Set in a semi-futuristic Paris of warren-like offices, identikit studio apartments and soulless high-rise towers, Tati delivers an absurdist critique on the shiny blandness of modern urban living. It’s truly remarkable, not to mention a little depressing, just how prophetic his vision has proven. However the film offers hope. Gradually its eclectic ensemble of characters begin to rebel against the dreariness of their surroundings, and Tati punctuates the overwhelming greyness with flashes of vibrant colour. So too does Spielberg transform his terminal over time from an oppressive, starkly-lit prison, to a hospitable microcosm of multicultural America.
2001: A Space Odyssey (1968)
Director: Stanley Kubrick
If we were to attribute a single overriding trait to Spielberg, it might be his insatiable appetite for transporting audiences to different worlds. 2001: A Space Odyssey is the film that, above all others, cultivated this appetite. In conversation with filmmaker Michael Apted in 2011, he described his discovery of Stanley Kubrick’s sci-fi epic as something akin to a religious experience. “I’m still living off the adrenalin that… I experienced watching that film for the first time.”
Certainly one of the film’s most indelible recurring images – a close-up of the face of Dr Dave Bowman (Keir Dullea), observing his surroundings with an expression that oscillates between wonder, bafflement and fear – has been riffed on by Spielberg to an almost comical degree throughout his career. The climax of Close Encounters of the Third Kind, which sees protagonist Roy (Richard Dreyfuss) undergoing a form of symbolic rebirth, is also clearly inspired by 2001’s profoundly enigmatic Star Child sequence.
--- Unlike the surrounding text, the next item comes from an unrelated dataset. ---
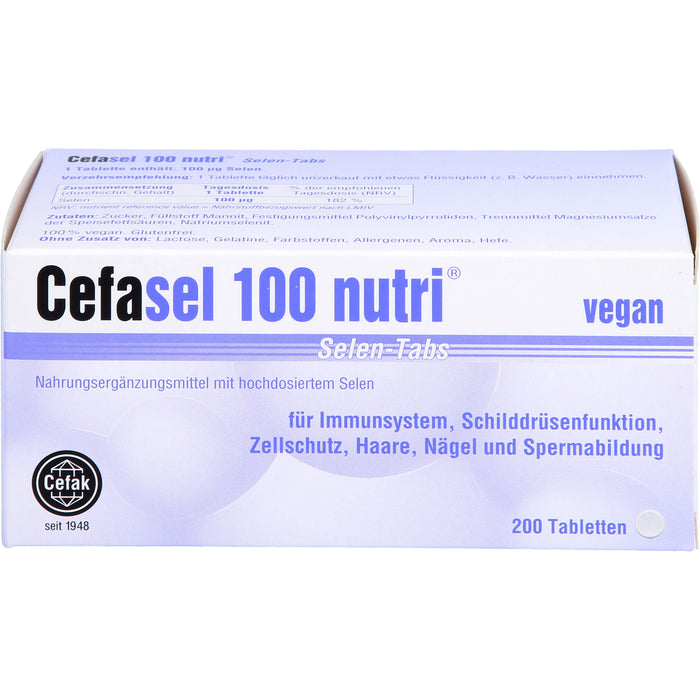 Cefasel 100 nutri Selen-Tabs, 200 St. Tabletten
The French Connection (1971)
Director: William Friedkin
Forty-five years on from its initial release, William Friedkin’s precision-engineered cop thriller has lost none of its capacity to surprise and provoke. Gene Hackman excels as the compellingly nihilistic Popeye Doyle, a New York detective consumed by his desire to apprehend a gang of international heroin dealers. Friedkin treats the viewer to a leisurely crawl through the seedy underbelly of early 70s New York, before ratcheting up the tension to almost unbearable levels, and, of course, delivering one of the all-time great chase sequences.
At a Directors Guild of America (DGA) event in 2011, Spielberg explained that he studied The French Connection in preparation for Munich (2005), his morally ambiguous take on the aftermath of the 1972 Olympic Games massacre. In particular, his use of zoom lenses was informed heavily by Owen Roizman’s Oscar-nominated cinematography. More recently, the wordless, beautifully choreographed on-foot chase through New York that opens Bridge of Spies feels particularly indebted to Friedkin’s work here.